● **Input data**
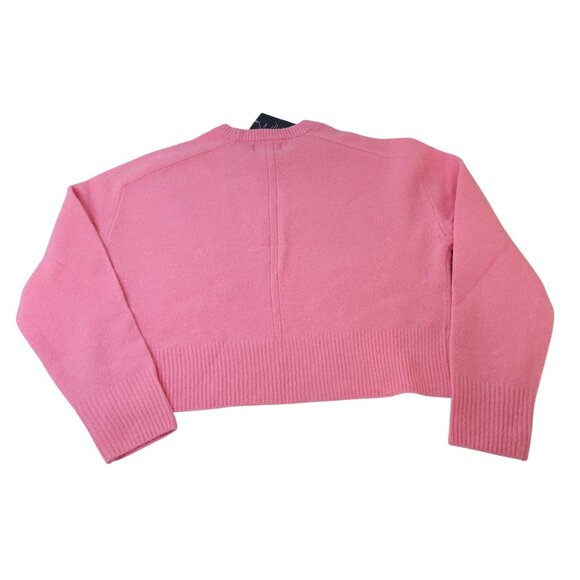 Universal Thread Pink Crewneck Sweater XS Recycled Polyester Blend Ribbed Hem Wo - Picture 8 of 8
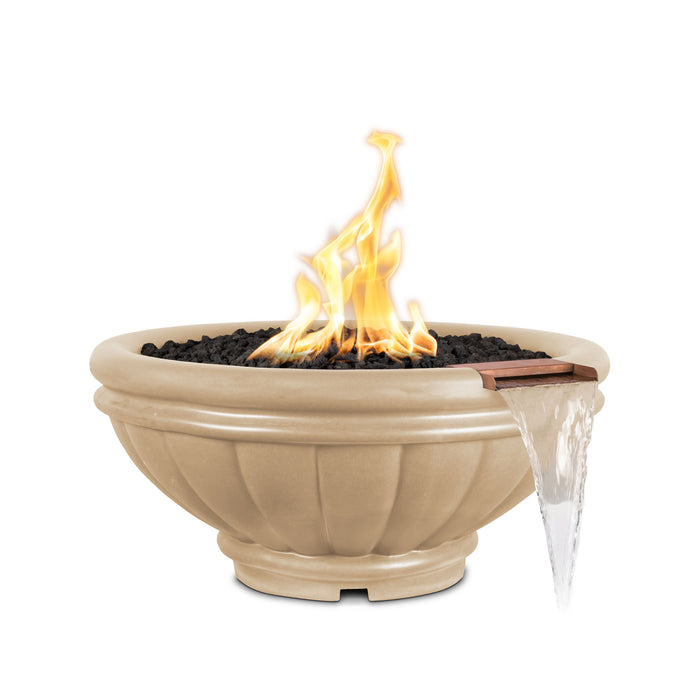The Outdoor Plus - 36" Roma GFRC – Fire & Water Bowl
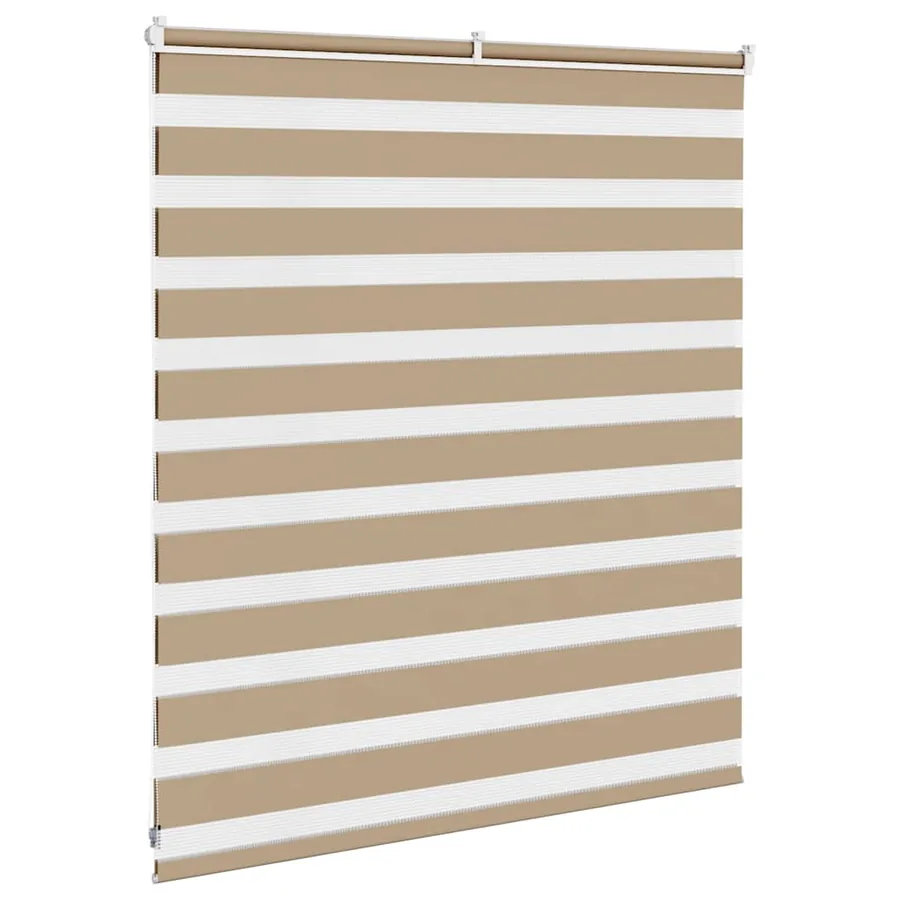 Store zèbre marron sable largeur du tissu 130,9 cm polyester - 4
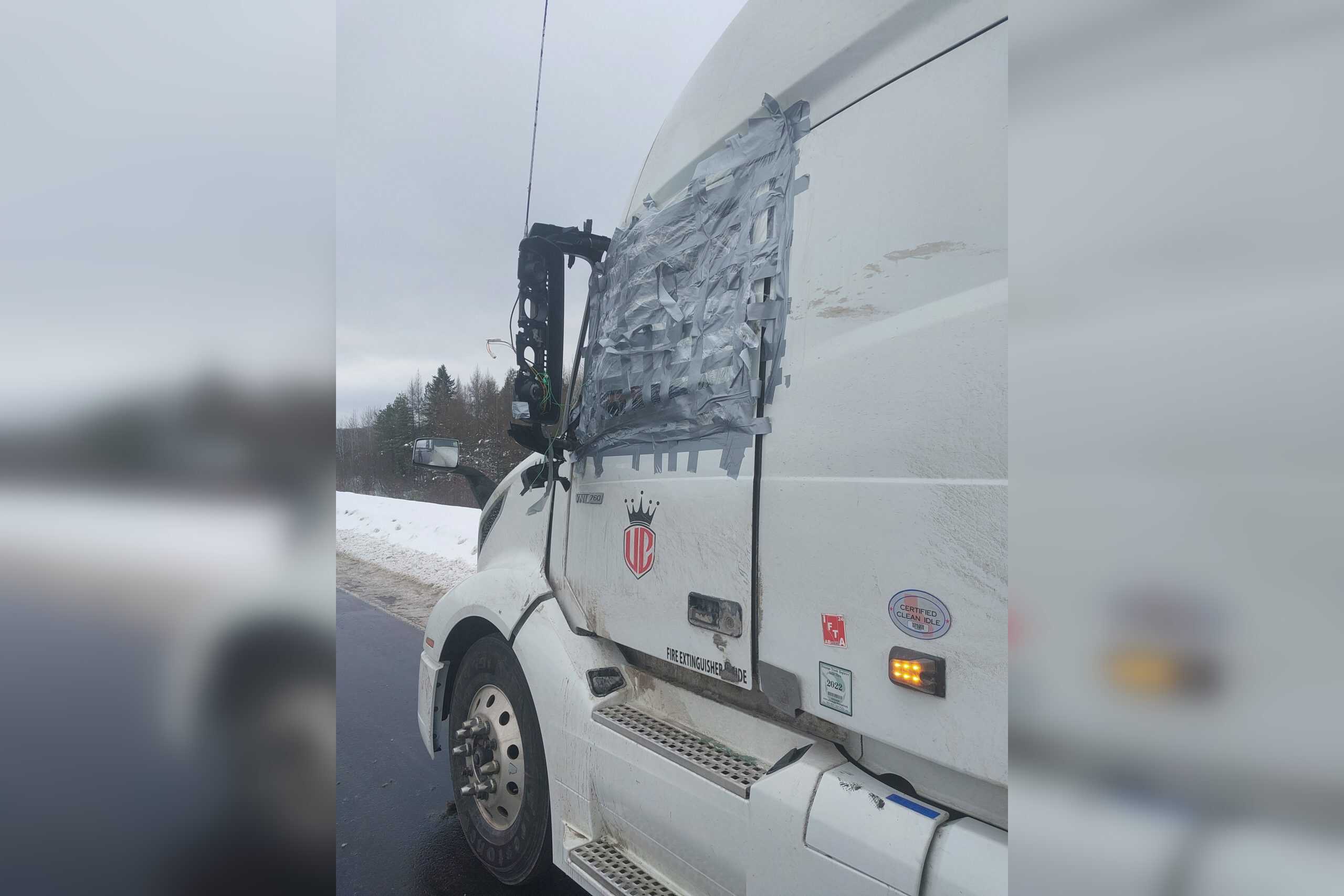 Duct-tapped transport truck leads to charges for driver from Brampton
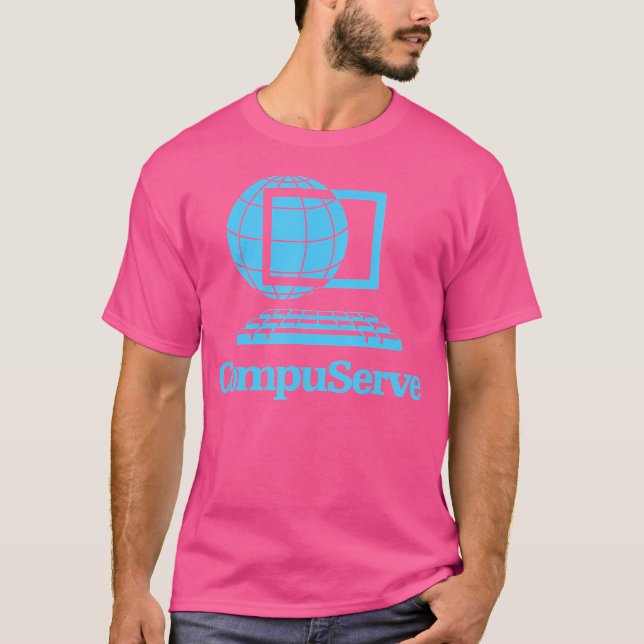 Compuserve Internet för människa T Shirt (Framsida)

* * *

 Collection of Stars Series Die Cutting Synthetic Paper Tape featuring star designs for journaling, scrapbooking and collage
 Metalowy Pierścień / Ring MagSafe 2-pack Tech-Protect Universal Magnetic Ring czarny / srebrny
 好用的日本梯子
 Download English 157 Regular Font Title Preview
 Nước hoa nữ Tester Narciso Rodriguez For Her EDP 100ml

---

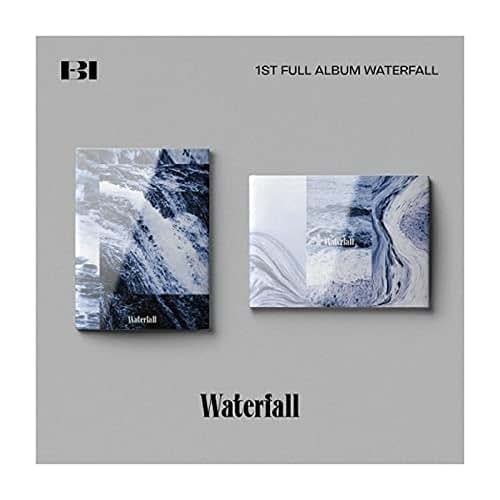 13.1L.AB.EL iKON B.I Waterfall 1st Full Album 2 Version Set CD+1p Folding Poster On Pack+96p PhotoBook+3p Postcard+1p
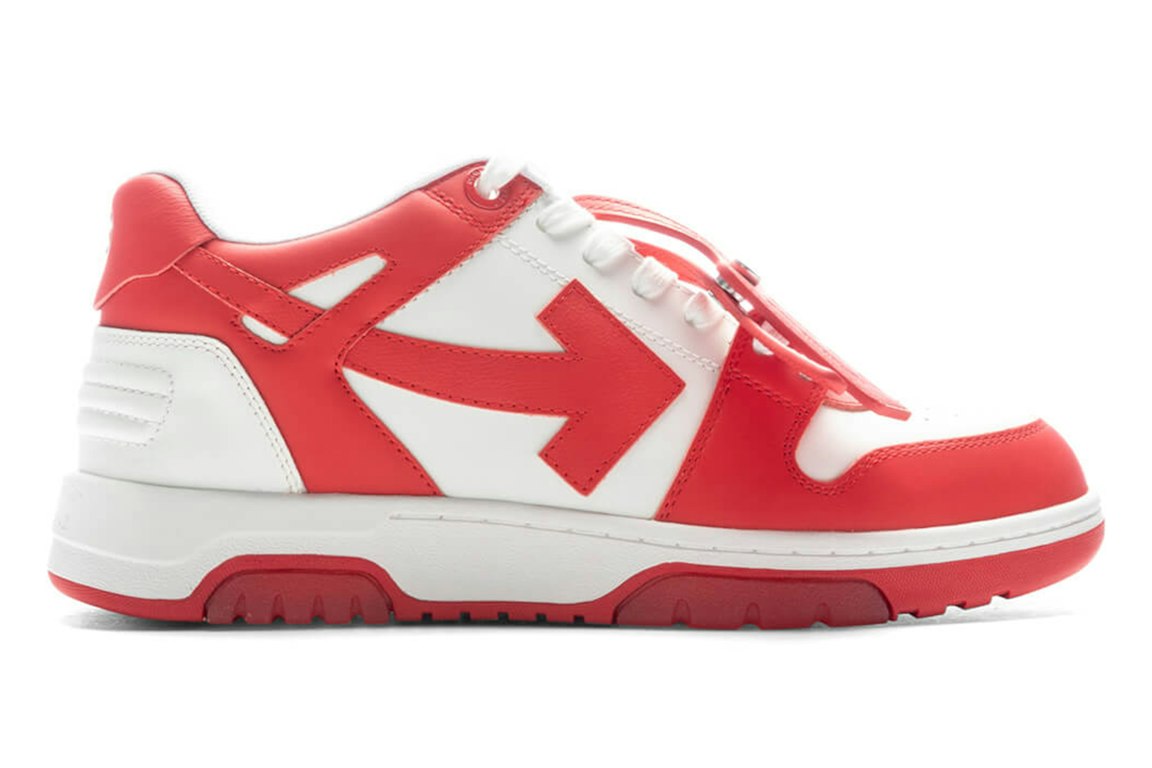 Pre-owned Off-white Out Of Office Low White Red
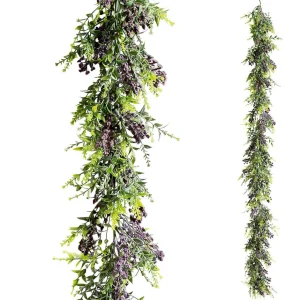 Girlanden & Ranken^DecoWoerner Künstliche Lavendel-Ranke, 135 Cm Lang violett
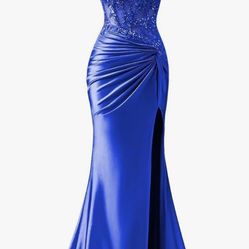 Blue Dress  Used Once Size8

● **Required work**
Each line from the one that contains "Store zèbre marron" down to the one that contains "Compuserve Internet för" is to be returned exactly as it stands above, both ends included, with pictures removed.

● **Solution to the problem**
 Store zèbre marron sable largeur du tissu 130,9 cm polyester - 4
 Duct-tapped transport truck leads to charges for driver from Brampton
 Compuserve Internet för människa T Shirt (Framsida)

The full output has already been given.